Die Aktie der britischen Bank Northern Rock hat am Montag 40 Prozent ihres Wertes eingebüßt. Bereits am Freitag war das Papier als Folge der Kreditkrise um ein Drittel eingebrochen. Vor den Filialen der Bank bildeten sich erneut lange Schlangen - die Kunden ziehen massiv Geld ab.

London/Frankfurt - Die schwere Krise der britischen Hypothekenbank Northern Rock hat am Montag eine regelrechte Flucht von Kunden und Anlegern ausgelöst. Hunderte Verbraucher stürmten auch zu Wochenbeginn in die Filialen der fünftgrößten britischen Hypothekenbank an, um ihr Geld abzuheben. Sie fürchten, dass sie ihr Erspartes verlieren könnten, falls die Bank zusammenbrechen sollte.

Der Aktienkurs stürzte daraufhin zwischenzeitlich um fast 40 Prozent ab, der Wert der Aktie lag zeitweise auf 264 Pence. Dabei hatte das Papier schon am Freitag mehr als 30 Prozent an Wert verloren. Zu Jahresbeginn stand der Aktienwert von Northern Rock bei 1250 Pence.

Ende vergangener Woche hatte die Bank of England dem Institut mit einem Notfallkredit aus einer Liquiditätsklemme geholfen. Der Immobilienfinanzierer hatte wegen der Unsicherheiten auf dem Kreditmarkt kein Geld von anderen Banken mehr bekommen. Vor den 76 Niederlassungen des Instituts bildeten sich daraufhin lange Schlangen von Kunden, die ihr Geld in Sicherheit bringen wollten.

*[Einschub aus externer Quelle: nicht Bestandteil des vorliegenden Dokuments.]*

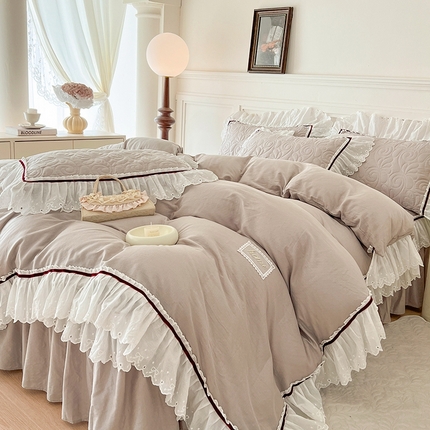 91家纺网 家纺一手货源 找家纺 网红馆 2025新款全棉双层纱四件套花边款爱丽丝系列 杏子灰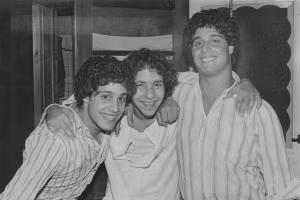 Anh em sinh ba tái hợp sau 19 năm. 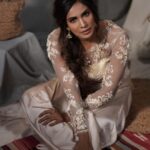 Samyuktha Shanmughanathan Instagram - Take time to chill 😋🥰 @nallisilksarees @nallifashions ♥️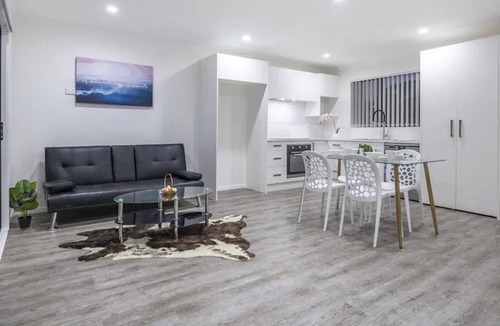 Otahuhu House | Tranquil and Central by Sylvia Park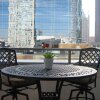 Отель The Yonge Boutique Suites, фото 4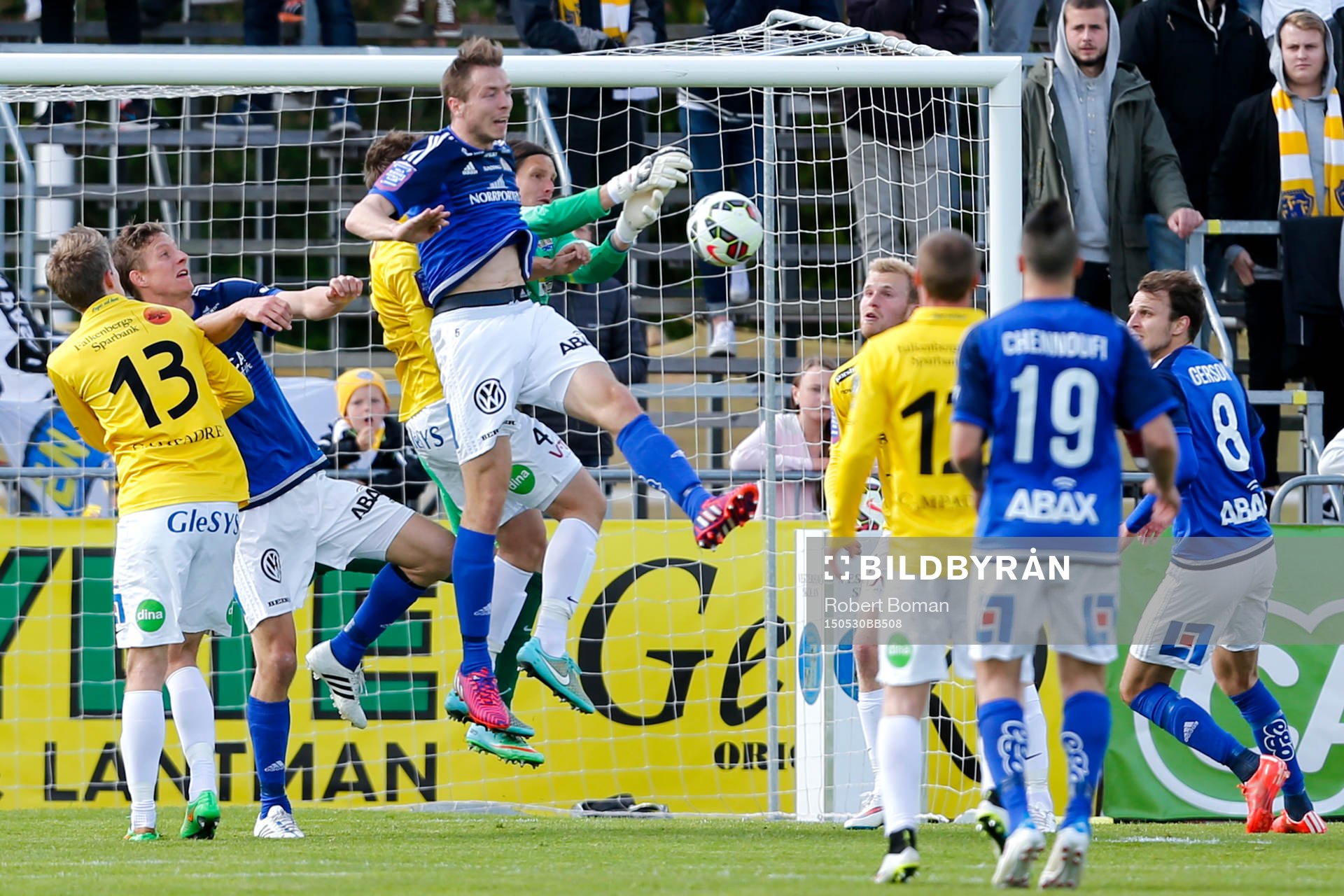 Rörigt framför Falkenbergs mål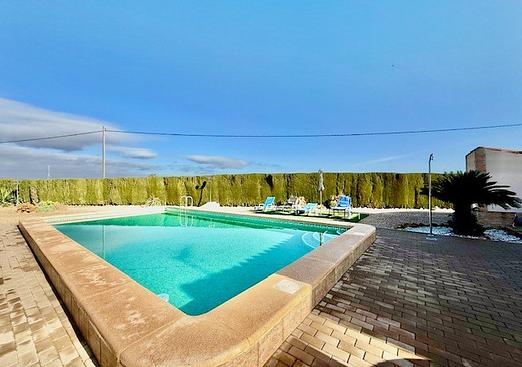 Villa in Avileses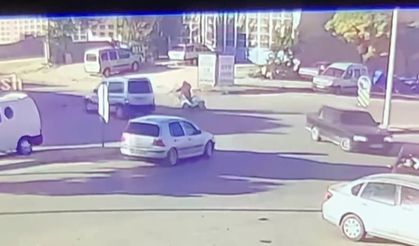 Motosiklet Sürücüsünün Ölümden Döndüğü An Kameraya Yansıdı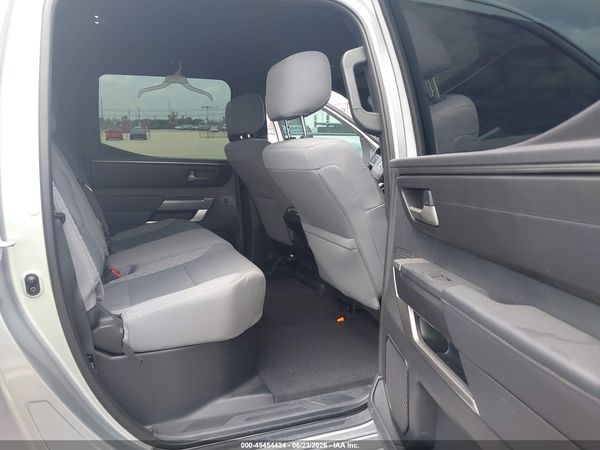 2025 TOYOTA TUNDRA SR5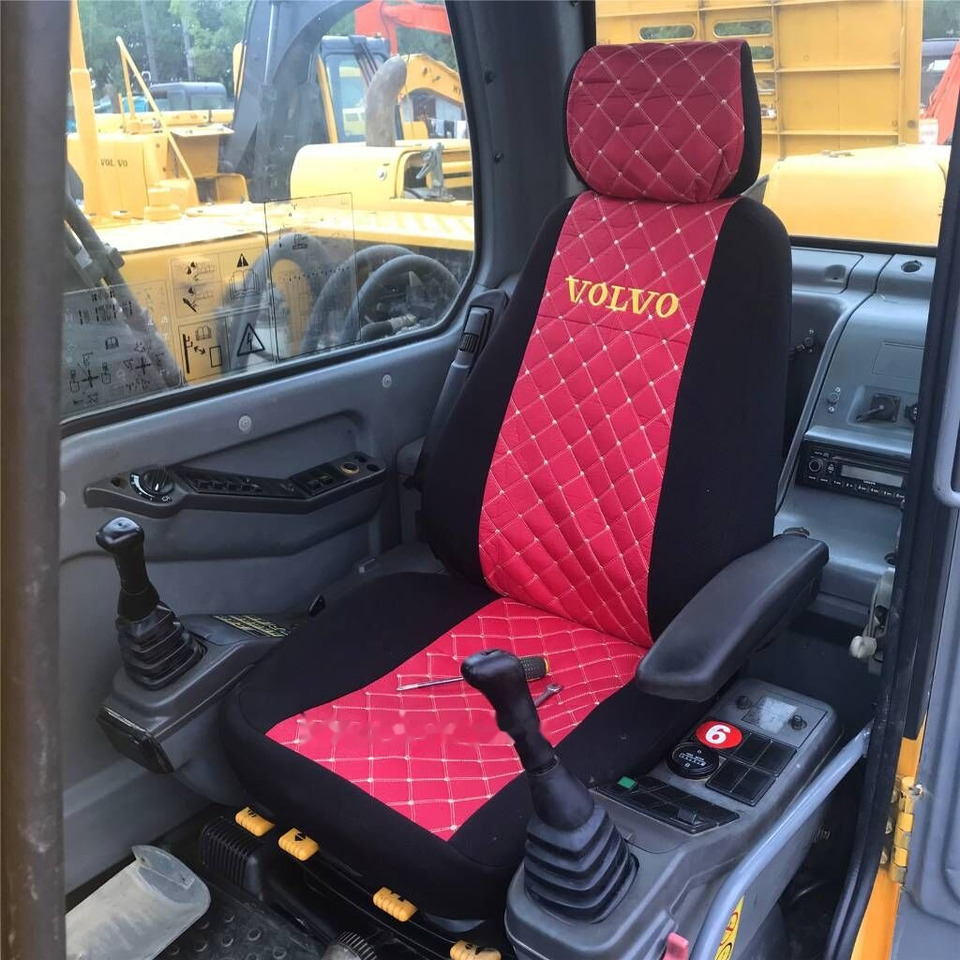 Volvo EC140B LC - حفار زحاف: صورة 2 Volvo EC140B LC - حفار زحاف: صورة 2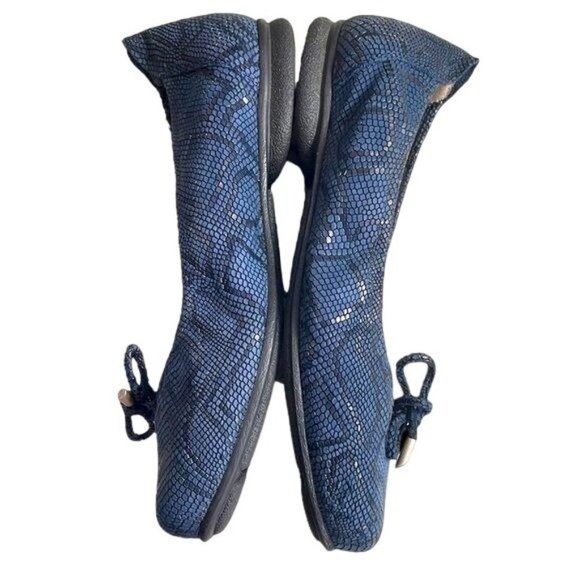 Sabrinas Blue Leather Snakeskin Ballet Comfort Flats Shoes Slip-On Size 38 - Picture 7 of 11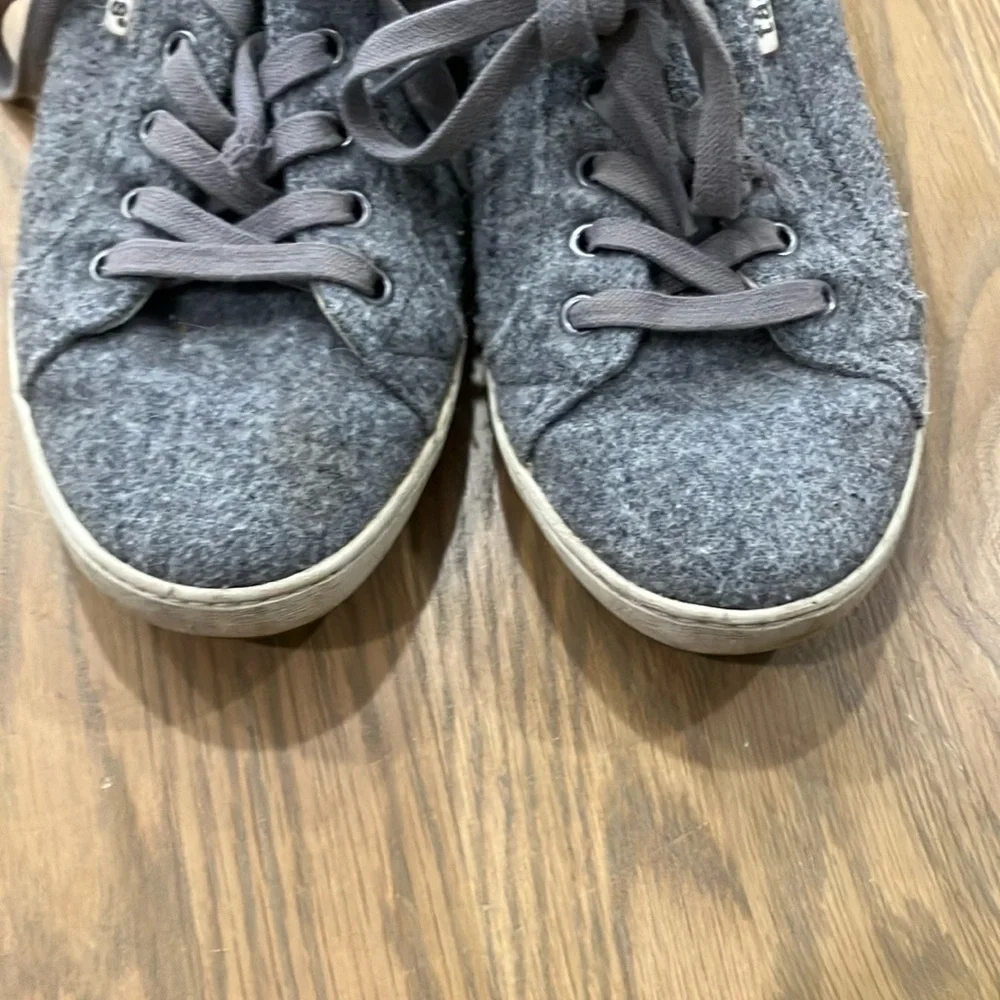 Taos Women’s Starburst Wool Grey Neutral Lace Up Sneakers Tennis Shoes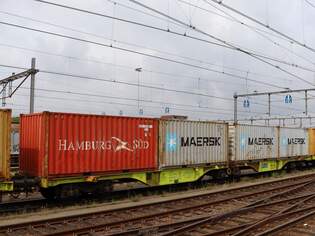 Sggrs GATX Gelenk-Containertragwagen mit Nummer 37 TEN 80 D-GATXD 4850 586-1 Gleis 7 Bahnhof Venlo, Niederlande 24-07-2025.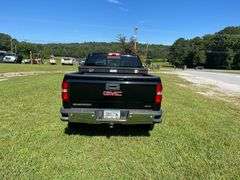 2015 GMC Sierra Pickup Truck Z71 4x4 - Power windows, locks, mirrors, seats - Truck tool box, Showing 294,423 miles, AC not working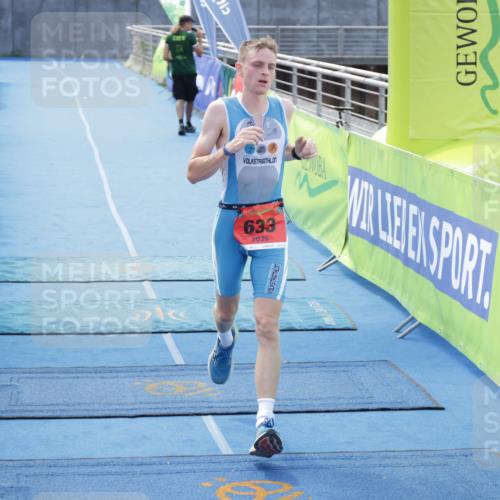 10.08.2025 - GEWOBA Citytriathlon Bremen H.Heesch http://msf.ph/oto/8553557 10.08.2025 14:00:08 Ziel 633 meine-sportfotos.de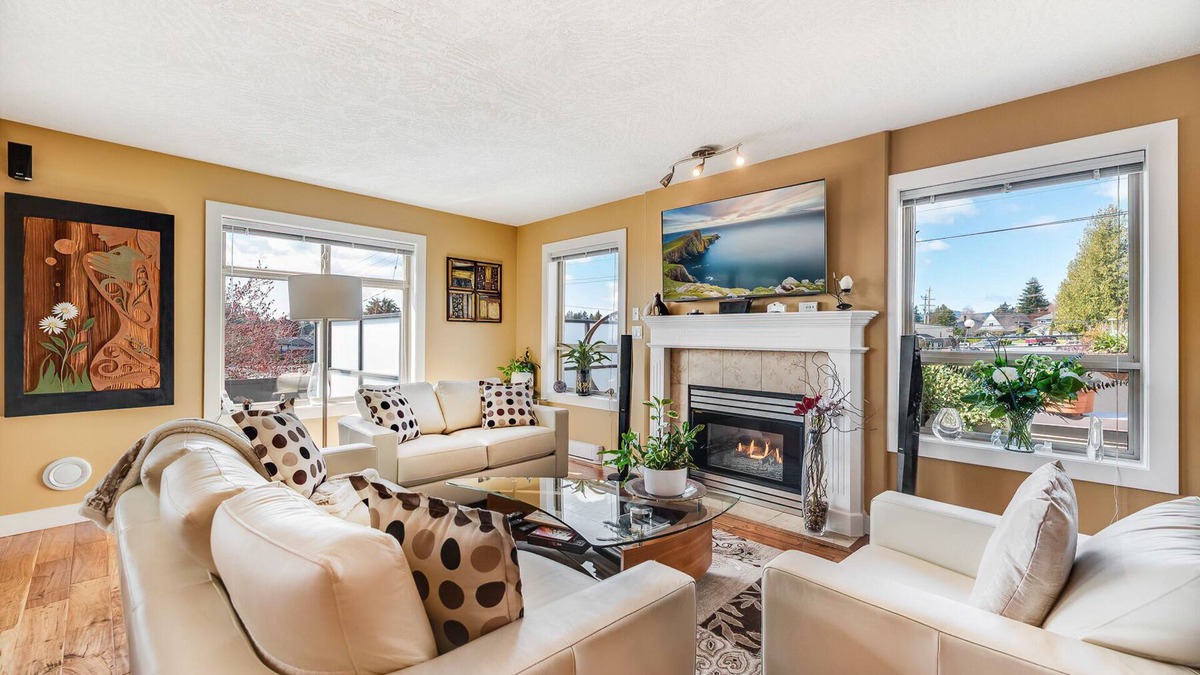 Saanichton Condo | Meadowlands Luxury home-AC & car-Perfect long term to see if it is the right fit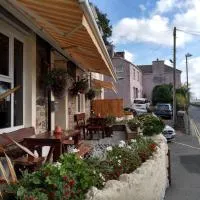 Glendower Hotel, hotel u gradu Goodwick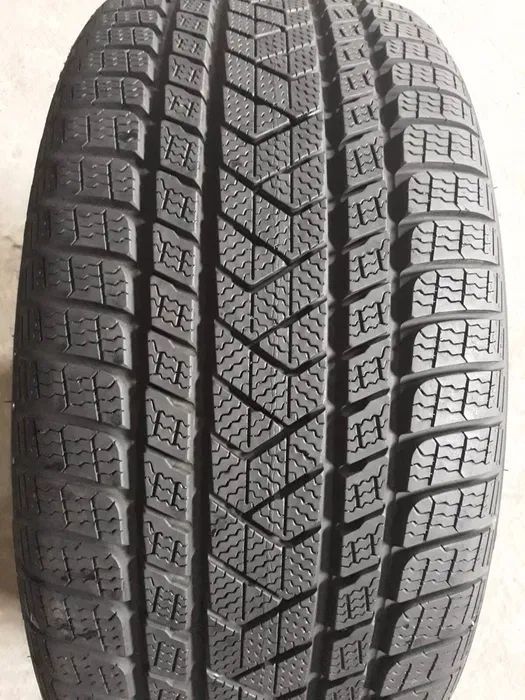 Купити зимові БУ шини гуму резину покришки колеса 255/45 R20 доставка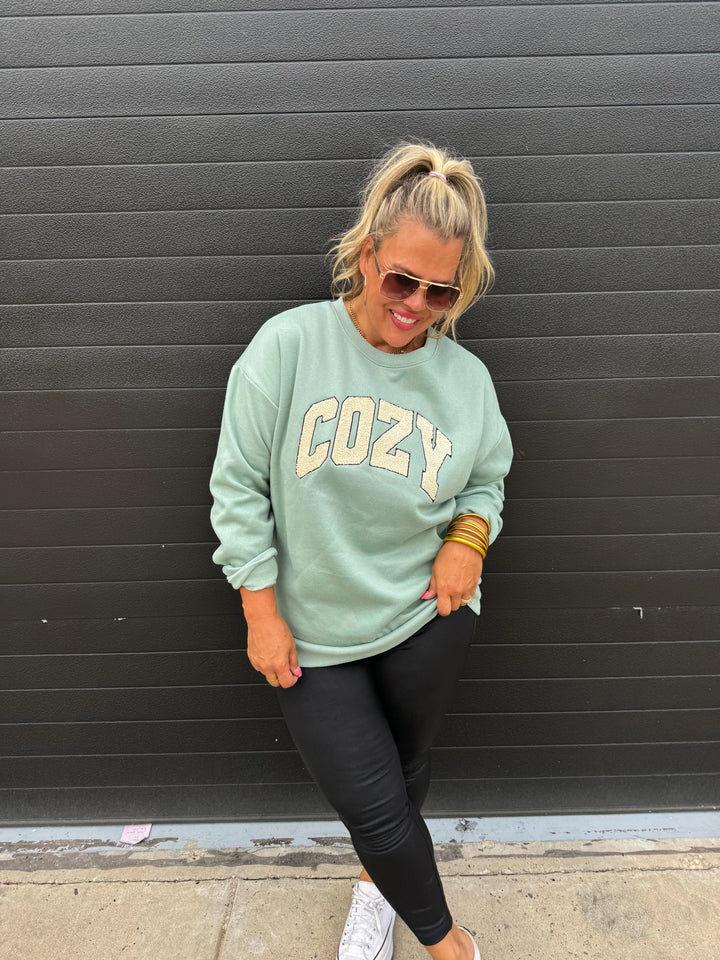 COZY LIVE-IN Sherpa Patch Sweatshirts (Ready To Ship)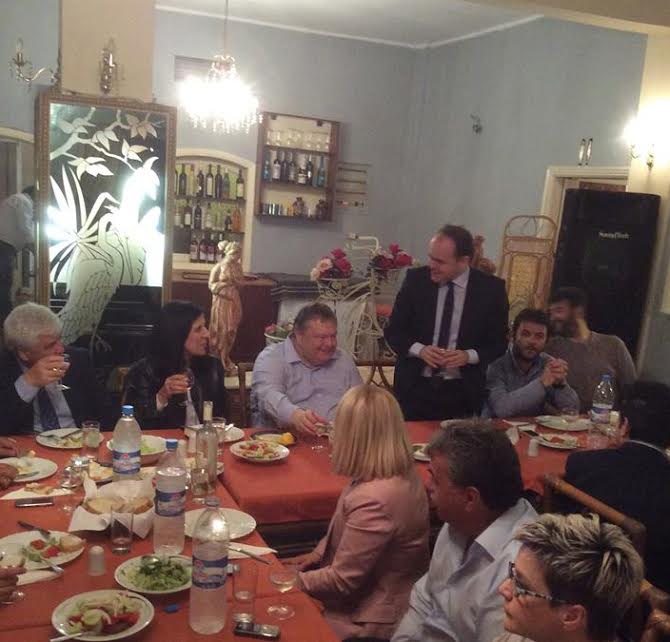 ΦΩΤΟ-Δείπνο Βενιζέλου στα Τρίκαλα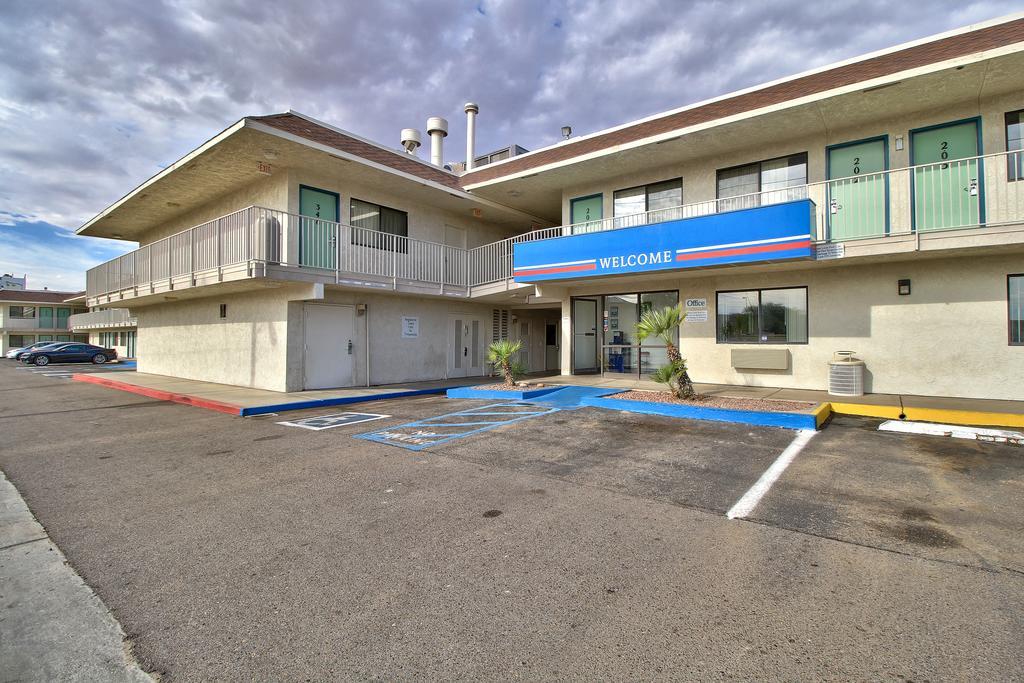 Budgetel Inn & Suites Yuma Exteriör bild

Nach Angaben der BBC musste die Bank in den vergangenen Tagen fast zwei Milliarden Pfund (2,9 Milliarden Euro) auszahlen - das entspricht rund acht Prozent ihrer Einlagen.

Die Krise der Bank schürte auch wieder Ängste vor einer Ansteckung anderer Finanzinstitute. So warnte der frühere US-Notenbankpräsident Alan Greenspan im "Daily Telegraph" vor weiteren Problemen. Nach Einschätzung von Greenspan ist Großbritannien noch stärker als die USA anfällig für eine schwere Hypothekenkrise. Analysten fürchten, dass weitere Institute betroffen sein könnten.

"Im Prinzip ist jede mittelgroße Bank in Gefahr, die bei der Refinanzierung vor allem auf den Kapitalmarkt angewiesen ist", zitierte das "Handelsblatt" einen nicht näher genannten Londoner Investmentbanker. In Deutschland waren die Mittelstandsbank IKB und die SachsenLB von den Turbulenzen erfasst worden, die ihren Ursprung in der Krise des US-Immobilienmarkt haben.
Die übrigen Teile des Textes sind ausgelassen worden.